- Task requirements -
From the first line to the last, repeat the data below exactly.

- Information supplied -
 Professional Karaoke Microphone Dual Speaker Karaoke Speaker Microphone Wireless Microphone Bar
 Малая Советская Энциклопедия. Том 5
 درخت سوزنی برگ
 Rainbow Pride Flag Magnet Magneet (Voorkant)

- Solved problem -
 Professional Karaoke Microphone Dual Speaker Karaoke Speaker Microphone Wireless Microphone Bar
 Малая Советская Энциклопедия. Том 5
 درخت سوزنی برگ
 Rainbow Pride Flag Magnet Magneet (Voorkant)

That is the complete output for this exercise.